In this project, I wrote a software pipeline to identify the lane boundaries in a video.
The steps of this project are the following:
- Compute the camera calibration matrix and distortion coefficients given a set of chessboard images.
- Apply a distortion correction to raw images.
- Use color transforms, gradients, etc., to create a thresholded binary image.
- Apply a perspective transform to rectify binary image ("birds-eye view").
- Detect lane pixels and fit to find the lane boundary.
- Determine the curvature of the lane and vehicle position with respect to center.
- Warp the detected lane boundaries back onto the original image.
- Output visual display of the lane boundaries and numerical estimation of lane curvature and vehicle position.

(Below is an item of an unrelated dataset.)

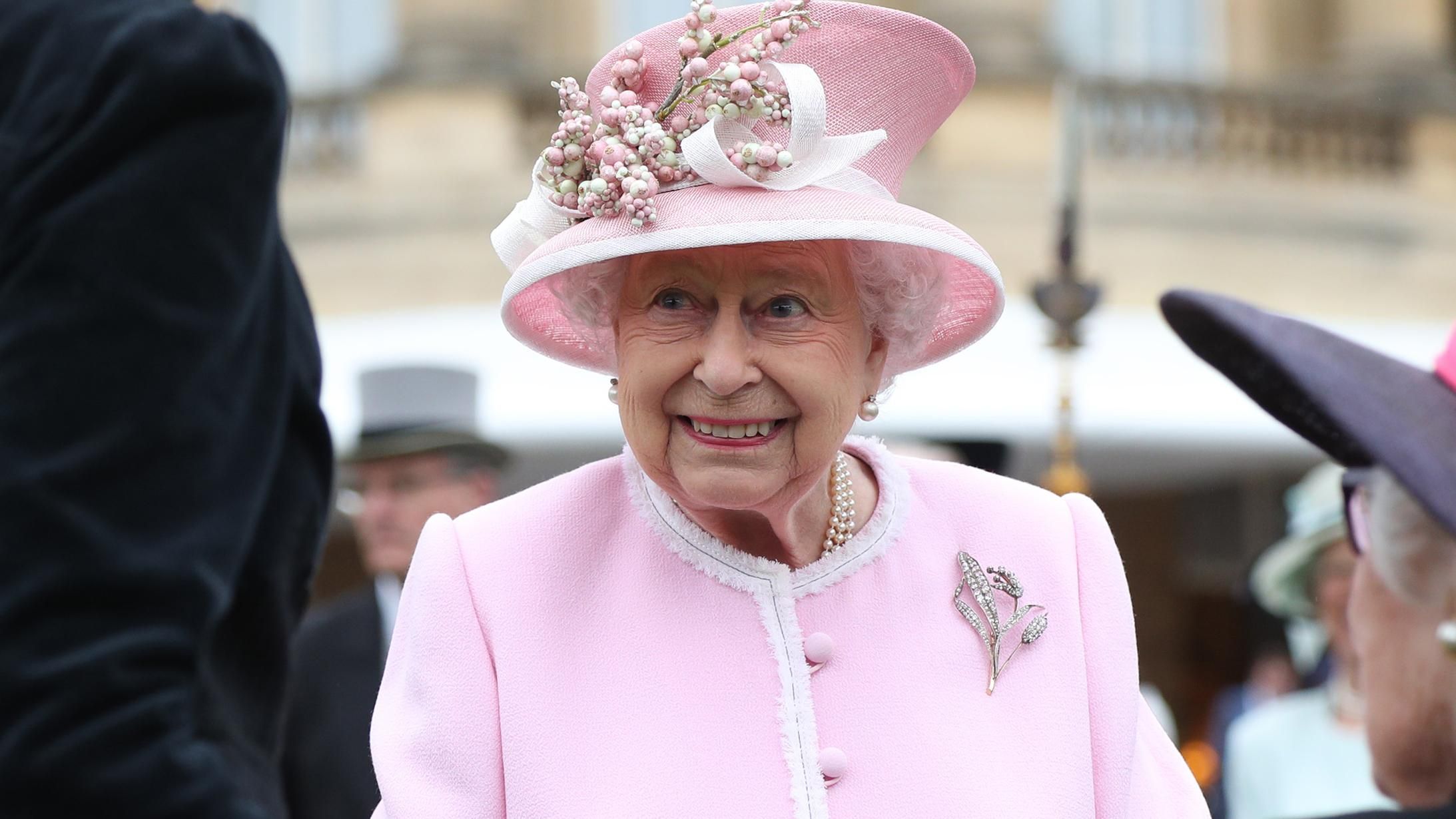 Пока королева спала: фанат Елизаветы II перелез через ворота дворца, желая поговорить с ней Пока королева спала: фанат Елизаветы II перелез через ворота дворца, желая поговорить с ней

The code is written in python in an IPython notebook called Project.ipynb
. The images for camera calibration are stored in the folder called camera_cal
. The images in test_images
are for testing the pipeline on single frames. Examples of the output from each stage of the pipeline is in the folder called output_images
. The video called project_video.mp4
is the video that the pipeline works well on. The challenge_video.mp4
video is for testing the pipeline under somewhat trickier conditions. The harder_challenge.mp4
video is another challenging video with sharp turns on the road.
In this step we compute the camera matrix and distortion coefficients to correct camera distortion.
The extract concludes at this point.